Investors maintain a favorable attitude towards gold over the medium to long term; an environment of low rates, persistent macro uncertainty, and elevated equities makes a case for holding gold as a hedge and varier. This view could likely drive demand for gold higher into 2020 and lend support to the current medium-term uptrend. With the gold seasonality effect coming into the picture, investors may look back at the current price level with nostalgic longing at the end of Q1 2020. 

Currency Markets

The Pound

The million-dollar question facing Sterling traders is, will the much-touted 100 billion GBP of real money buying appear? Or will real money hedgers and FDI inflows wait for more certainty on the structure of the new EU vs. UK relationship?

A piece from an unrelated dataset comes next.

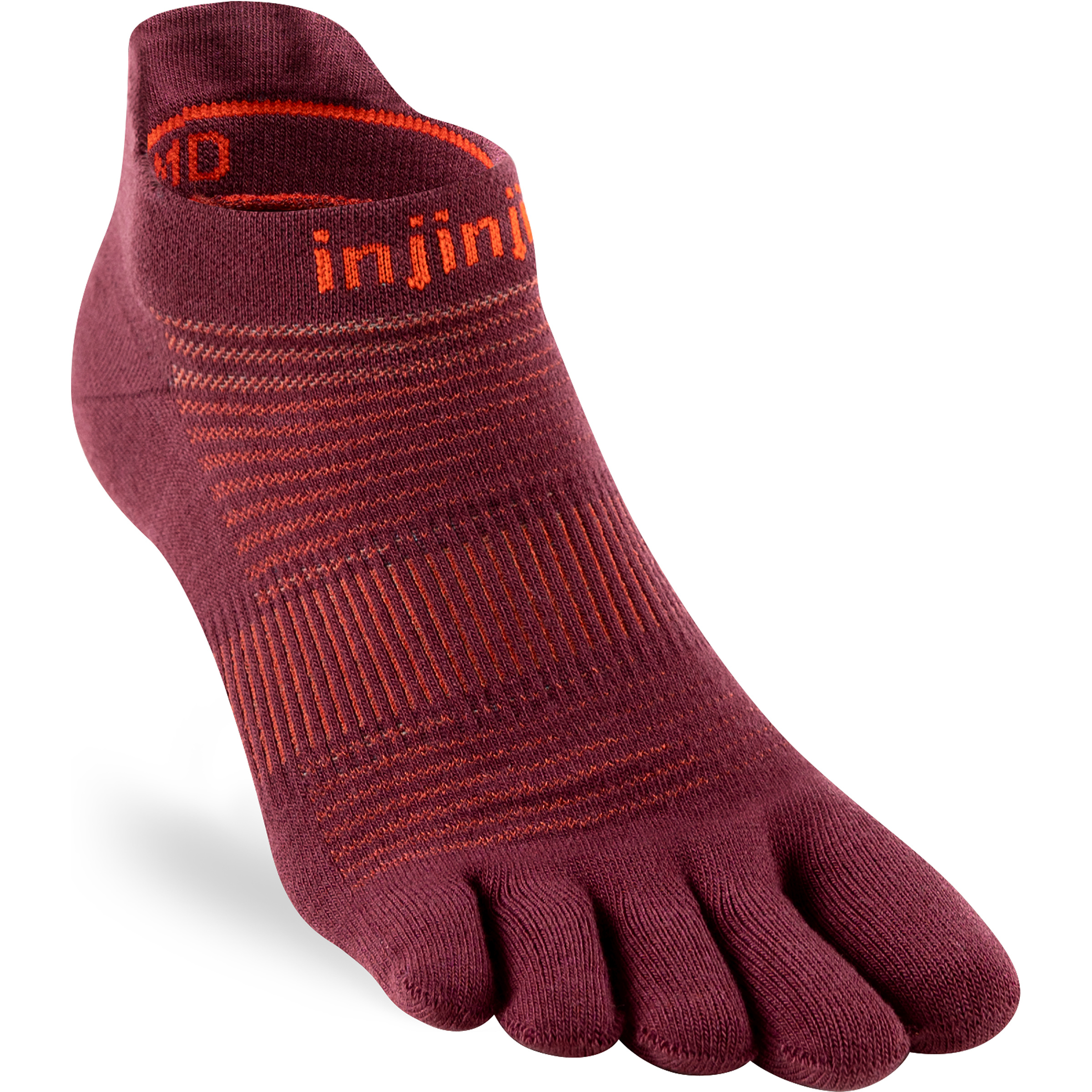 Injinji Run Lightweight No-Show Laufsocken rot Größe 40.5 Laufen | Trailrunning Elastisch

Traders will turn focus to the Bank of England’s (BoE)decision this week. What to expect? Don’t expect any change to the Bank’s policy setting. Given the lack of communication since the November Monetary Policy Report, it’s unlikely there will be a rate change as the BoE usually telegraphs rate moves. But beware of a change in the voting split which could lean on the dovish sided and dent near term GBP sentiment.


The second half of December is typically associated with robust seasonal demand for risk assets and given the market has cleared three significant overhangs (UK election, USMCA, December 15 tariffs). Investors’ risk appetites may be supported despite the expected gyration in the trade talk narrative. This notion could bring focus on the AUD and NZD as traders begin the process of positioning for the Big global growth rebound trade of 2020

The Yuan 

The Yuan surged to below 6.95 Friday on what was thought to be a robust trade deal — but then backtracked after the reference rate fix, which held above 7, indicating an unwillingness for the PBoC to strengthen the Yuan quickly. Eventually, the Yuan gave up more ground and then traded above the 7 handles after as the market was disappointed by the details in the phase one trade deal and particularly the level of the tariffs rolled back. The Yuan momentum is a linear function of the degree of US tariff rollbacks.

The Ringgit

A partial trade deal is better than no deal and certainly a whole lot better than trade war escalation, which should reinvigorate demand for the Ringgit as the market has managed to navigate numerous worst-case scenarios this month successfully. But critical in this view, which should increase investor’s need for carry trade, is the less hawkish Fed who have signaled a lower for longer if not a lower forever interest rate policy.

Also, the Petronas deal is being viewed in a favorable light and attracting some foreign flows to the KLCI as Petronas stocks are a significant component of Malaysia’s key stock index and could also be stocking demand for the Ringgit.